Understanding topological sort by cooking some Biryani

ankitutekar

Ankit Utekar

Posted on June 21, 2020

Understanding topological sort by cooking some Biryani

Topological sort is an algorithm I wish I had programmed in my brain. So many tasks to do every day, with so much dependencies among them. It would've definitely improved my productivity without being dependent on any external tool.

Disclaimer:

The example of chicken Biryani is chosen just for making it sound fun. I have tried to generalize the steps and removed details. Steps were chosen from the first link Google gave me. There are multiple variations of this recipe. If you don’t know what Biryani is, visit here. If you ever decide to cook some Biryani, this is the post you shouldn't be referring to. I guess you know what happens when we start development with vague requirements, right?
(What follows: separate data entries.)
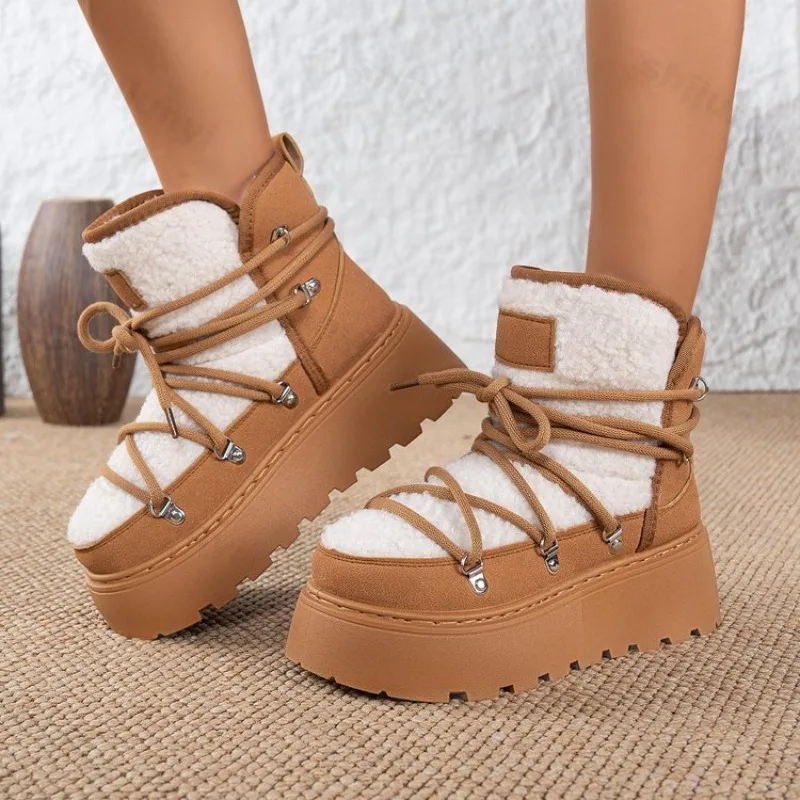 

Теплые пушистые зимние ботинки с высоким берцем на толстой подошве в стиле ретро для женщин, зима 2024, модные универсальные плюшевые удобные удобные хлопковые ботинки на массивном каблуке
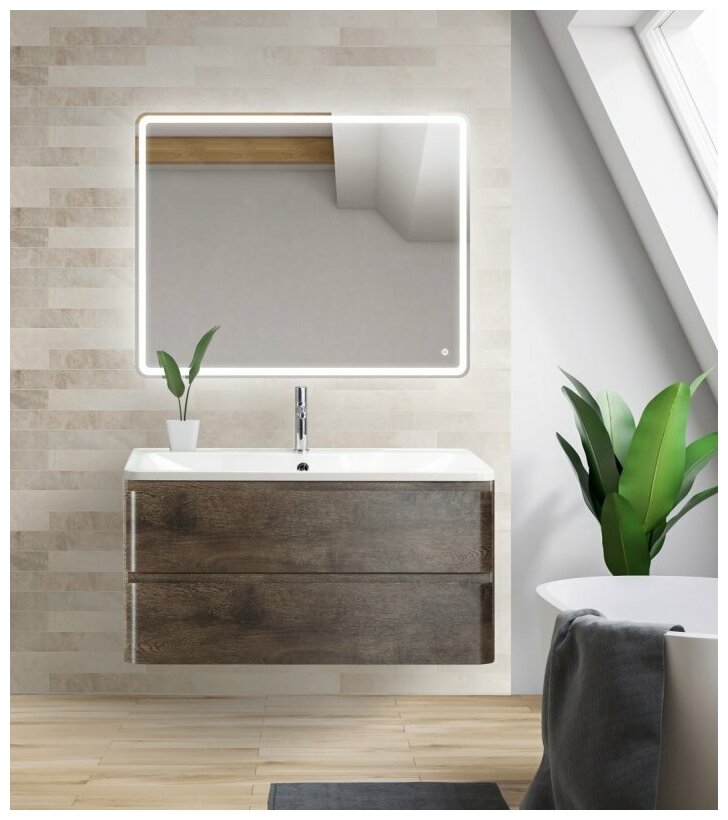 BelBagno Тумба с раковиной из искусственного мрамора для ванной комнаты Albano 90 см Rovere Nature Grigio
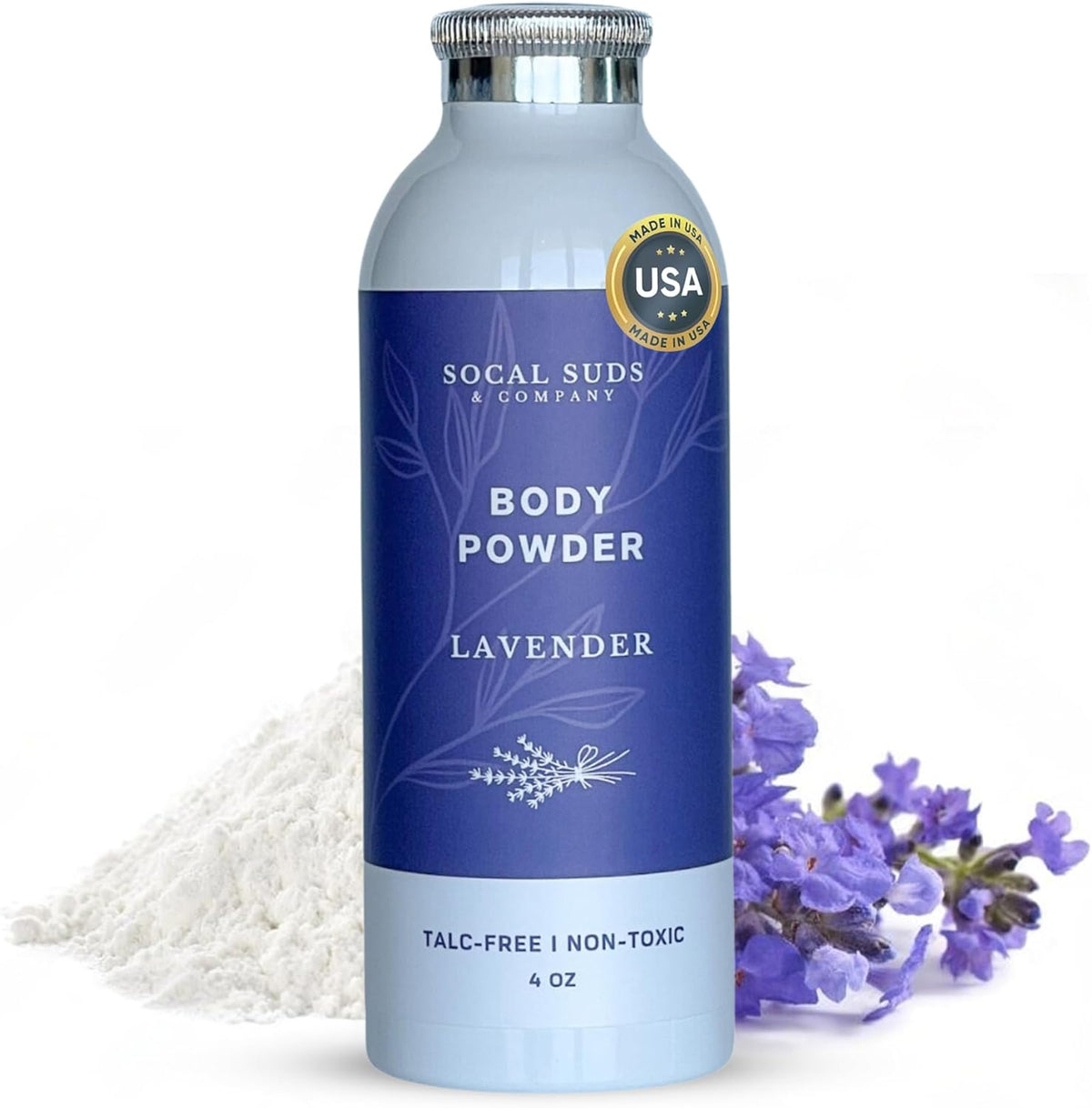 SoCal Suds & Company Natural Lavender Body Powder front view for skin dryness.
Alright then, let's start cooking some chicken Biryani.

Topological sort:

  • Topological sort is an algorithm used for the ordering of vertices in a graph. It outputs linear ordering of vertices based on their dependencies. We represent dependencies as edges of the graph.
  • It works only on Directed Acyclic Graphs(DAGs) - Graphs that have edges indicating direction. The vertices have one-way relationship among them. Also, there shouldn’t be any cyclic dependency among the vertices.
  • Some common applications of this algorithm in the world of computer science include-
    • Scheduling jobs
    • Instruction scheduling
    • Deciding compilation sequence through make files.

The problem:

Suppose we were making Biryani and we wanted someone to tell us the linear ordering of steps in its recipe i.e. a sequence of steps that can be followed by taking one step at a time. Steps in making Biryani have interdependence among them, just like any other recipe. The generalized process of cooking chicken Biryani(from the link that I used) is outlined below-

  • Buy all the required ingredients.
  • Soak some rice.
  • Marinate chicken.
  • Prepare layering, i.e. fried Onions, mint leaves, etc.
  • Cook the rice.
  • Cook chicken.
  • Add layering on chicken.
  • Put the rice on top of it.
  • Serve!

This problem sounds so trivial, but real-world applications of this algorithm can include hundreds of steps(vertices) and much more complex dependencies. For the purpose of this post, we will keep it short and easy to understand.

The algorithm:

There are multiple topological sorting algorithms to approach this problem. One of these algorithms is Kahn's algorithm, which is what I have chosen to explain in this post.

The algorithm works in the below steps:

  1. Find out a vertex which doesn’t have any dependency, i.e. the first task that can be performed.
  2. Remove the vertex from the graph, removing the dependencies(edges) that other vertices had on this task. Add this vertex to result list.
  3. Repeat above two steps for rest of the graph.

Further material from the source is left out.